Hello I'm kind of new here, although I've been doing digital art for quite a bit now.  I wanted to start off to ask what everyone's preferred programs are.  Mine is Clip Studio Paint Pro (and I will recommend it to anyone who asked) . Any other Clip Studio artists out there?


----------



## Xaroin (Apr 1, 2017)

Imagine an iphone
Now imagine a watered down photoshop
Now imagine me not having a stylus
Now imagine the app not being avalable on the app store anymore


----------



## Andromedahl (Apr 1, 2017)

Sai, gimp, krita, and an old version of photoshop elements. I jump between these and sometimes use more than one of those on a singular piece: I like sai for lines and coloring, krita for symmetry tools, gimp for its brush path tool and minor adjustments, and photoshop for the big guns/touchups


----------



## Kezi Avdiivka (Apr 2, 2017)

I don't use programs, I use monies.

....STOP LAUGHING AT ME


----------



## KeitoTheMidnightFox (Apr 2, 2017)

I use GIMP 2 + my mouse. I dont make anything really good. But my Fursonas were commissions though lol 
I might try Pain Tool SAI is that what its called?
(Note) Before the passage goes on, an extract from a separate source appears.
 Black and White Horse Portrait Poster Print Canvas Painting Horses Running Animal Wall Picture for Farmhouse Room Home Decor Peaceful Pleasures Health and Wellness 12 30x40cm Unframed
I think


----------



## TheRealKingKoopa (Apr 2, 2017)

I use GIMP for pixels since a) the pencil tool preview thing snaps to the pixels and b) it's really easy to draw straight lines, both of which are things Photoshop doesn't seem to do.
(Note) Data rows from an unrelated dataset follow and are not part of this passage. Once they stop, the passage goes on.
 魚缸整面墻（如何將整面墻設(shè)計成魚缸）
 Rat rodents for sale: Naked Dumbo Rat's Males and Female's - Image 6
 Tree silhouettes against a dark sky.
I also happen to own a Surface Pro 4 and a copy of Photoshop CS6, so if I'm out somewhere with it and get bored I'll draw up some lineart to pixel over later.


----------



## Ashwolves5 (Apr 2, 2017)

I use sai for drawing and most graphics. sometimes old school photoshop cs2 for some blending on photo manipulations.


----------



## Bidoyinn (Apr 2, 2017)

I use SAI for everything but I've been eyeing CSP for over a year now...one day, haha


----------



## KayJay (Apr 2, 2017)

Andromedahl said:


> Sai, gimp, krita, and an old version of photoshop elements. I jump between these and sometimes use more than one of those on a singular piece: I like sai for lines and coloring, krita for symmetry tools, gimp for its brush path tool and minor adjustments, and photoshop for the big guns/touchups


 
I had a bit of trouble getting used to Krita.  Perhaps I should try again because symmetry tools sound awesome.  Also I love programs with animation support (main reason I updated Manga Studio to Clip Studio).  I have multiple art programs on the art machine I use as well.   Clip Studio, Sai, Medibang Paint Pro, and GIMP I believe. 



KeitoTheMidnightFox said:


> I use GIMP 2 + my mouse. I dont make anything really good. But my Fursonas were commissions though lol
> I might try Pain Tool SAI is that what its called? I think



Yeah Paint Tool Sai is pretty awesome.  There are lots of places to get a good free copy.   I imagine there's a good market here for commissioning sonas, that could be good for me lol.  



TheRealKingKoopa said:


> I use GIMP for pixels since a) the pencil tool preview thing snaps to the pixels and b) it's really easy to draw straight lines, both of which are things Photoshop doesn't seem to do.
> 
> I also happen to own a Surface Pro 4 and a copy of Photoshop CS6, so if I'm out somewhere with it and get bored I'll draw up some lineart to pixel over later.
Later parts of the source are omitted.